• _Task instructions_:
From the line with "King Cock Ultra" to the line with "Kia Picanto - 1.2", retype every line exactly, including those two, and leave out the rest of the data below.

---+---

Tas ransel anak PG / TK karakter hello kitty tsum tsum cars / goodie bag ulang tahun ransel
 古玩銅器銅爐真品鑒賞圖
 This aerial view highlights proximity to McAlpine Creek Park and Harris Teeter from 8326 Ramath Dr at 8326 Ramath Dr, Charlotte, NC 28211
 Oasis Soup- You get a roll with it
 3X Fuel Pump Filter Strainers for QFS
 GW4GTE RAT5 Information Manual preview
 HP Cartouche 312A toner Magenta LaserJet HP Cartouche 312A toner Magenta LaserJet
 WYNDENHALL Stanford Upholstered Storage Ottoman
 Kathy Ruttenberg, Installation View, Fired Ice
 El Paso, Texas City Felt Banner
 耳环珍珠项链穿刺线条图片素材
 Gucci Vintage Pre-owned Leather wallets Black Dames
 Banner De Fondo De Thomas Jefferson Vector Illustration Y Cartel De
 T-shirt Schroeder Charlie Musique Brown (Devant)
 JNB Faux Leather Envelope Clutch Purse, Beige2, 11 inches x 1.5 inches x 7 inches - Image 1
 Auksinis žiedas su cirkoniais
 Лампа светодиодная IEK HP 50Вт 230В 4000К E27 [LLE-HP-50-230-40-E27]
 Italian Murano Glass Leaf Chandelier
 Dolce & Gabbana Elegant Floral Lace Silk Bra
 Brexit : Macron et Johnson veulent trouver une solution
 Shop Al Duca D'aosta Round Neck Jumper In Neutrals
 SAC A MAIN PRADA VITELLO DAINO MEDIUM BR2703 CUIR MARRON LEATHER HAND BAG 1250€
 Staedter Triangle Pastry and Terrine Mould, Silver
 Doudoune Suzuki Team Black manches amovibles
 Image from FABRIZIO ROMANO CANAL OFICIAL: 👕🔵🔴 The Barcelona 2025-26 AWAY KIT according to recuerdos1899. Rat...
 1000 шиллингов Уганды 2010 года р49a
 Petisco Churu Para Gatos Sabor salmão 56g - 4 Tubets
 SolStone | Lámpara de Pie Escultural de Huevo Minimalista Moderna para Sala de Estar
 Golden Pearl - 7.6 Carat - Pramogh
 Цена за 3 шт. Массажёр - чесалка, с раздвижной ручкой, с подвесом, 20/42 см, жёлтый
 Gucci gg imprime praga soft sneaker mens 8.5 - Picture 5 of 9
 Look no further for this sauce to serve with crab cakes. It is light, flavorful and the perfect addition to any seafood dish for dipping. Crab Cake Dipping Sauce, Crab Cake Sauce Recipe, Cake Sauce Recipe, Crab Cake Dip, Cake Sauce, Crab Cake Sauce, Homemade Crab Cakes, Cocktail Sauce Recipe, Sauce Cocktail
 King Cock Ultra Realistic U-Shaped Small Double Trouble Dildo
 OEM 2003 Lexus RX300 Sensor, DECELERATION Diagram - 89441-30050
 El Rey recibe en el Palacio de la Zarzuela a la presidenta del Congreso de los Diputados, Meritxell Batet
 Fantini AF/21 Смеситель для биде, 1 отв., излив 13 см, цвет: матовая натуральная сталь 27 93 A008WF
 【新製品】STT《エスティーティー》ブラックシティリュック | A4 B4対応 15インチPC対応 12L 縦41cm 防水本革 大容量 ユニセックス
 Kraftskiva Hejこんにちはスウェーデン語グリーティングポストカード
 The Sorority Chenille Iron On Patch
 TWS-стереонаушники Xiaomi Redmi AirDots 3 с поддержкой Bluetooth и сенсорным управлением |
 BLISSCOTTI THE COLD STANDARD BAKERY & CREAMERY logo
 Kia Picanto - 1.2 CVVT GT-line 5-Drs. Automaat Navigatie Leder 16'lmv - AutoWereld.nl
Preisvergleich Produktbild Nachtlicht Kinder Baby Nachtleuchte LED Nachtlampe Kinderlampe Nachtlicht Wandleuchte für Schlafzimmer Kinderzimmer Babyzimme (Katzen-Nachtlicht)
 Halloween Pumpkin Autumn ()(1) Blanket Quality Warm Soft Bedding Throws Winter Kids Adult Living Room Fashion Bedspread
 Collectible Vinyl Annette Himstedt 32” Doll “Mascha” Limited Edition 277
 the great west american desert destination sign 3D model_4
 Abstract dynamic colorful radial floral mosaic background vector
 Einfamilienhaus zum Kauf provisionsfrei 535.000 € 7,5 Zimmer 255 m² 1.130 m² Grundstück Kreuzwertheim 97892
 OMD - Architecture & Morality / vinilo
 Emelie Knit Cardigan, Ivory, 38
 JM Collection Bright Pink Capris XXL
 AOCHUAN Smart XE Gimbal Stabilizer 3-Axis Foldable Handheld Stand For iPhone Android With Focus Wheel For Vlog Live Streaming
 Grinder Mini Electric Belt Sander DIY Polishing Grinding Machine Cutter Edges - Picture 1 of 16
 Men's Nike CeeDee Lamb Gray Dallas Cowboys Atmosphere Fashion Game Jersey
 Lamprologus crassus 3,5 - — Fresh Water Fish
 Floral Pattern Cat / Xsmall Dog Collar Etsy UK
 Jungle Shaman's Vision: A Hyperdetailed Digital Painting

---+---

• _Solution_:
 King Cock Ultra Realistic U-Shaped Small Double Trouble Dildo
 OEM 2003 Lexus RX300 Sensor, DECELERATION Diagram - 89441-30050
 El Rey recibe en el Palacio de la Zarzuela a la presidenta del Congreso de los Diputados, Meritxell Batet
 Fantini AF/21 Смеситель для биде, 1 отв., излив 13 см, цвет: матовая натуральная сталь 27 93 A008WF
 【新製品】STT《エスティーティー》ブラックシティリュック | A4 B4対応 15インチPC対応 12L 縦41cm 防水本革 大容量 ユニセックス
 Kraftskiva Hejこんにちはスウェーデン語グリーティングポストカード
 The Sorority Chenille Iron On Patch
 TWS-стереонаушники Xiaomi Redmi AirDots 3 с поддержкой Bluetooth и сенсорным управлением |
 BLISSCOTTI THE COLD STANDARD BAKERY & CREAMERY logo
 Kia Picanto - 1.2 CVVT GT-line 5-Drs. Automaat Navigatie Leder 16'lmv - AutoWereld.nl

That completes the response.